Why the flip is the 3D printer space charging $50 a roll?

(Chair of the Makerspace Committee that set the space up here)

Simply put, that is the machine amortization cost ($0.024 per KG printed) and the material cost ($0.0233 per kg from lulzbot directly. We have a consumables budget of ~$7000/year, and that is consumed entirely in having to eat the cost of failed prints and the addition of as-yet-unrequested tools.

Machine amortization is required to be calculated into consumables because it is a federal regulation.
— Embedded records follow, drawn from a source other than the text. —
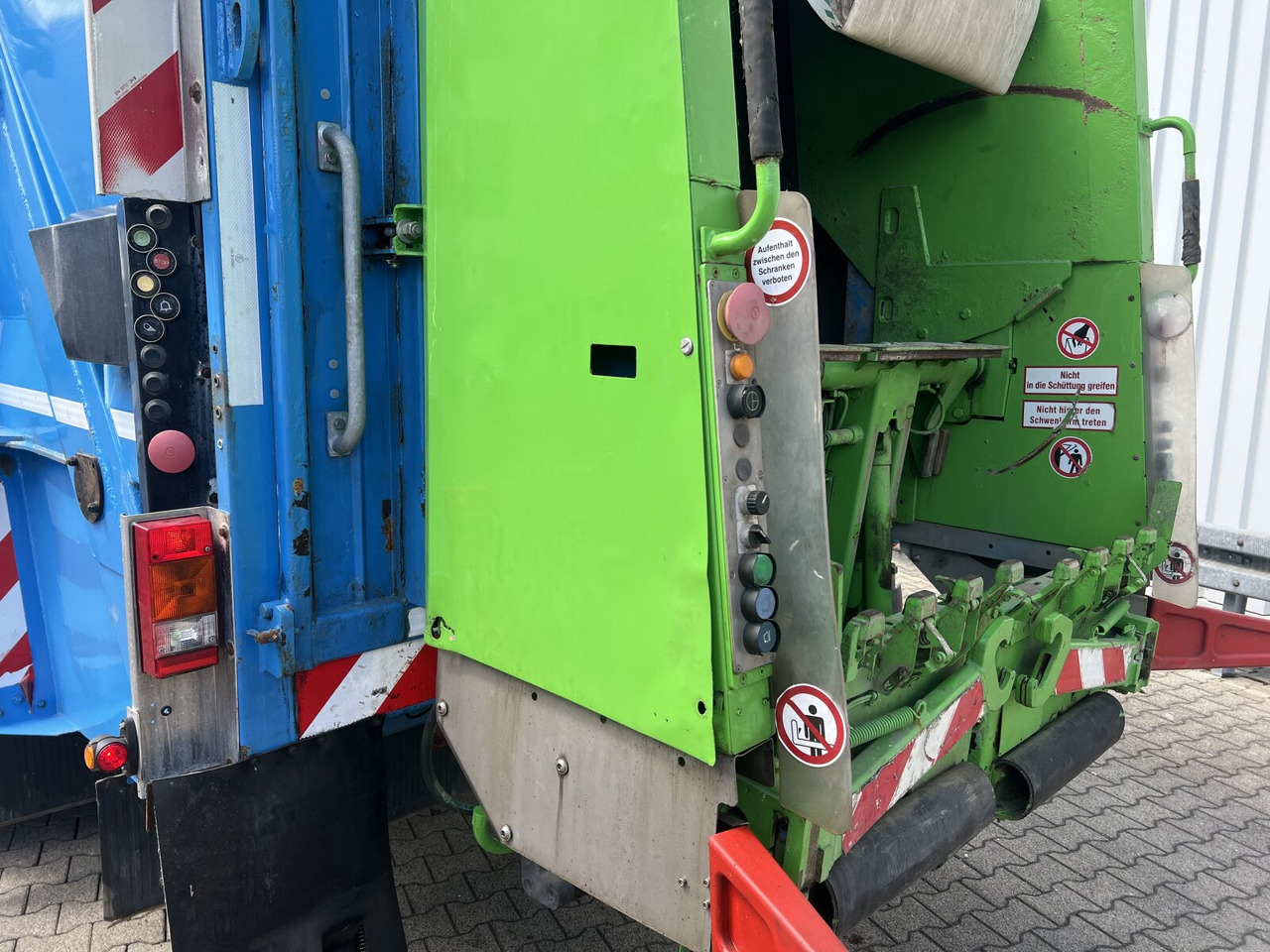 Mercedes-Benz Actros 2032 LA 4x4 Actros 2032 LA 4x4, Faun Variopress 310 ca. 10m³, Zöller Schüttung - Śmieciarka: zdjęcie 2 Mercedes-Benz Actros 2032 LA 4x4 Actros 2032 LA 4x4, Faun Variopress 310 ca. 10m³, Zöller Schüttung - Śmieciarka: zdjęcie 2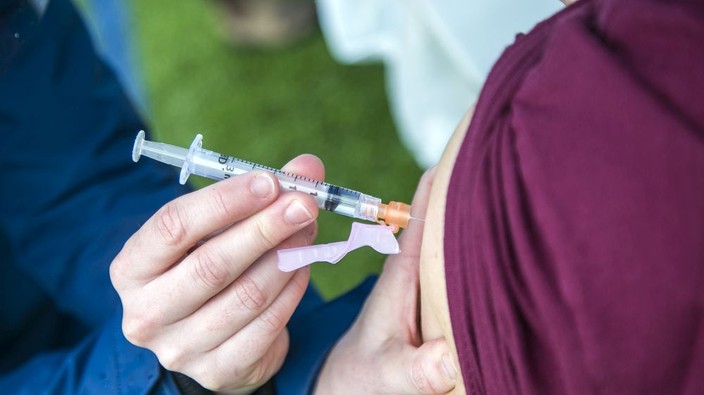 School boards push ahead with mandatory vaccinations for teachers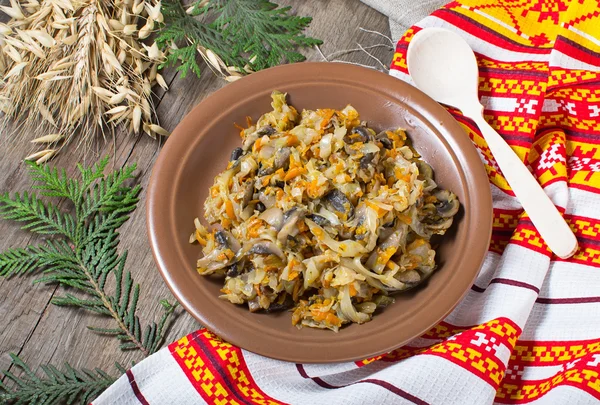 Lenten stewed cabbage with mushrooms — Stock Photo, Image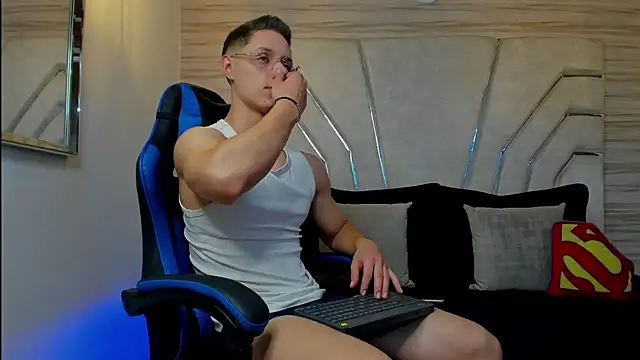 MAXTHOMSON online show from 02.13.26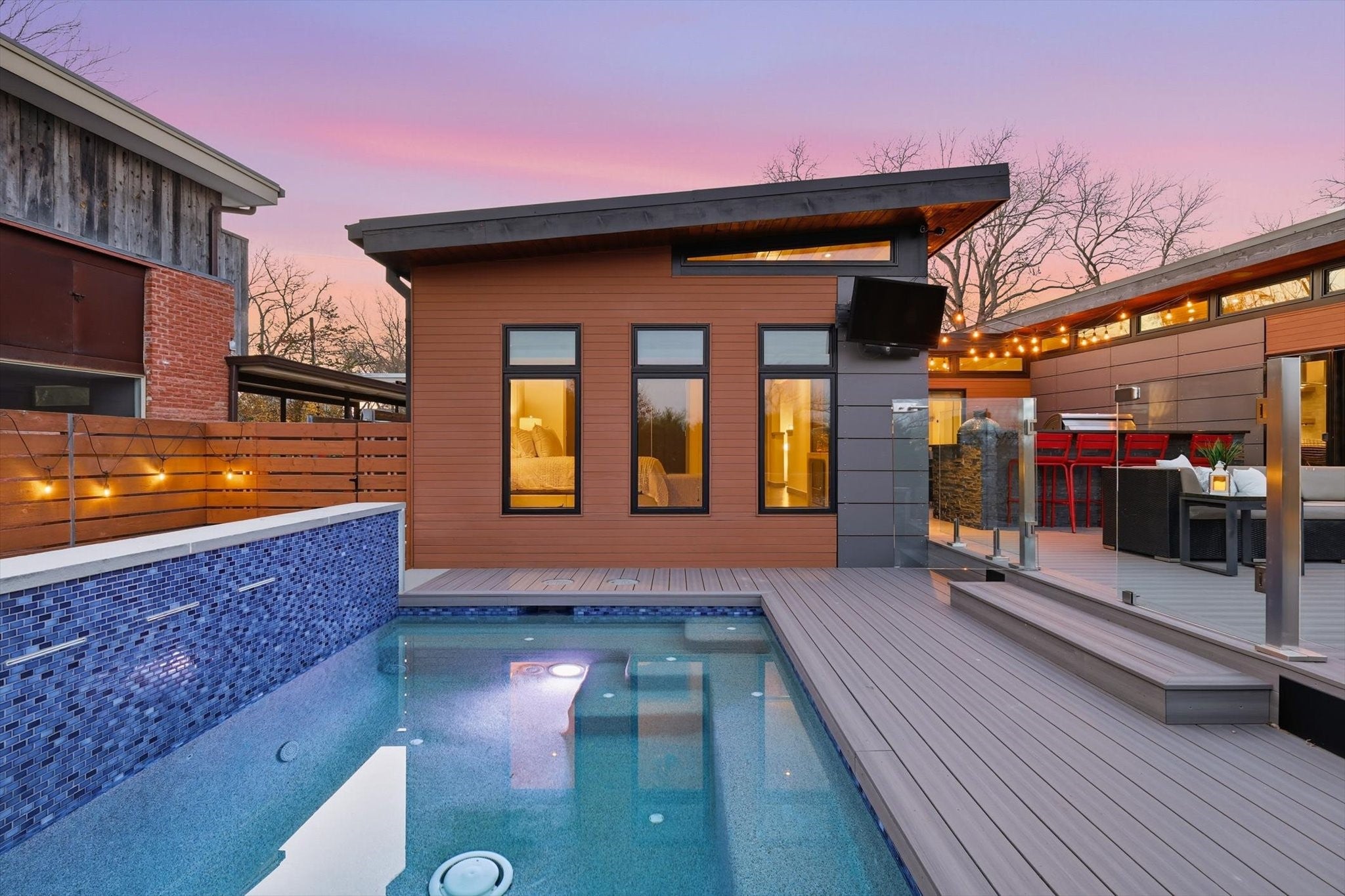 Dallas, Texas, 75218, United States, 3 Bedrooms Bedrooms, ,2 BathroomsBathrooms,Residential,Active,2010190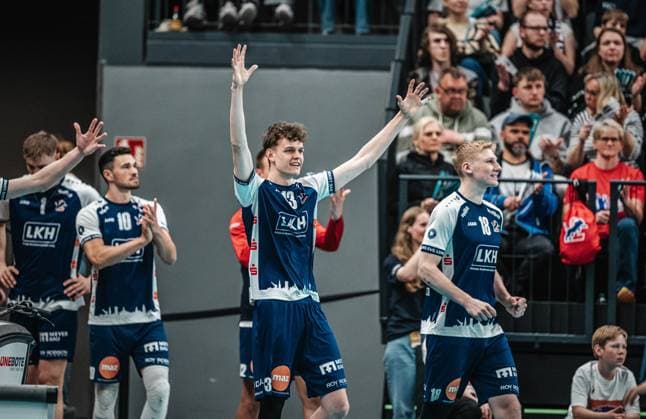 Volleyball mens season 2024 2025 Volleyball Bundesliga playoff semi-final match 1 SVG Lüneburg vs VfB Friedrichshafen 05 04 2025 The substitutes around Neo Laumann 13 SVG Lüneburg cheer Lüneburg LKH Arena Niedersachsen Germany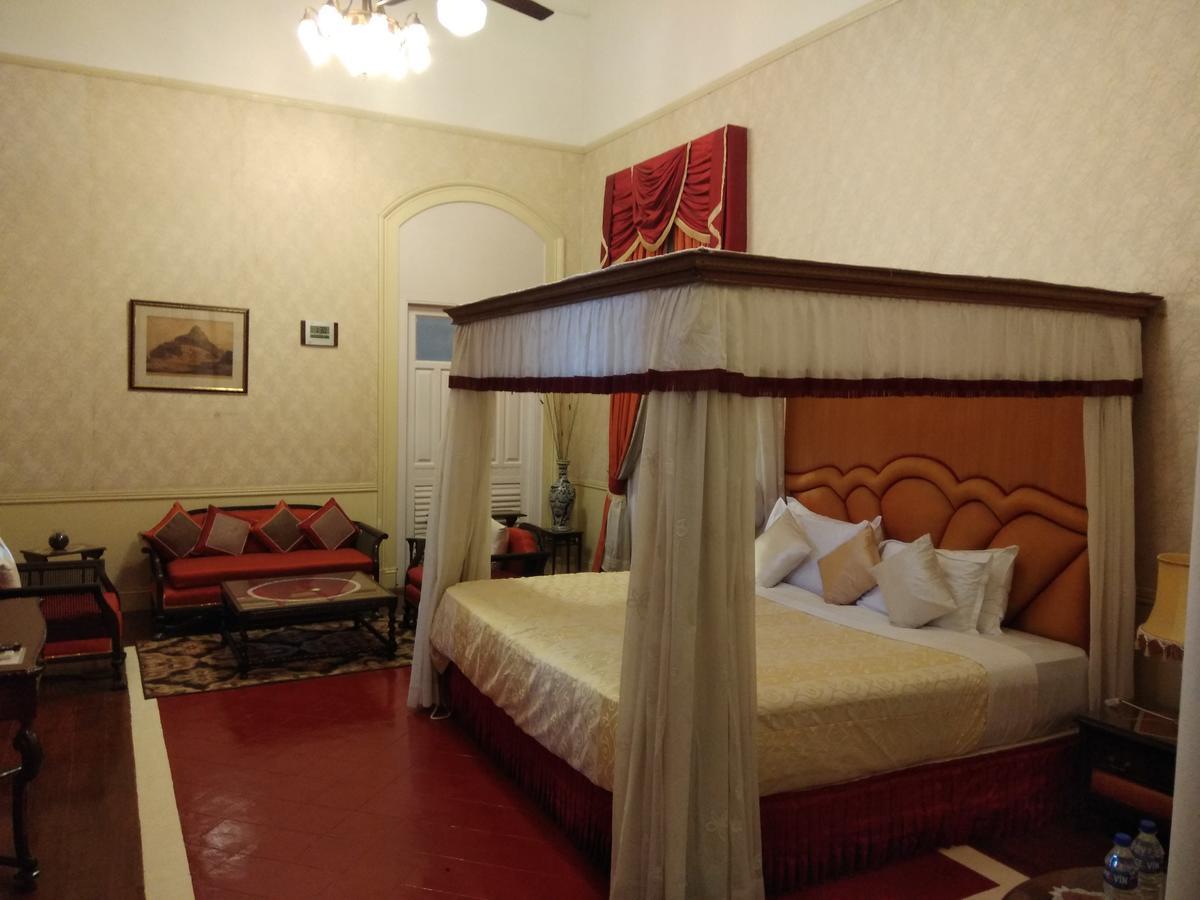 Lalitha Mahal Palace Hotel Майсур Экстерьер фото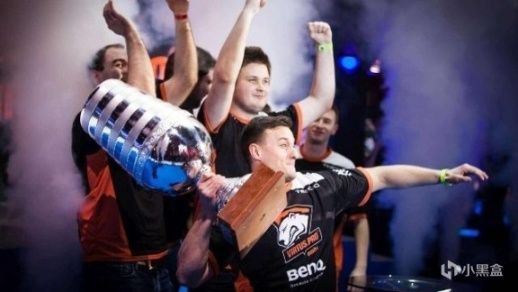 伦纳德的中 伦纳德的中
Since grants can be used for this service, we are required to calculate all of the institutional direct costs associated with the apportioned usage.

The funds collected go back into the spaces operating budget which gives the makerspace the ability to be reactive to students needs, without having to go through appropriations request (a year long process) every time a machine breaks or we need to increase the capabilities of the space with new machines. If we just charged material cost, the consumable that is the machine itself would be lost and we would slowly have fewer and fewer printers for students, eventually none.

As for why we do not let any random filament in, well a bad filament causes failed prints, and failed prints can damage the machines. The $20 amazon special is garbage plastic, can contain non-label contaminants, and is often of an uneven diameter through a spool.

I hope that helps make sense of the costing infrastructure used to not just set up, but also make sustainable, a printing, laser cutting and PCB fabrication queue.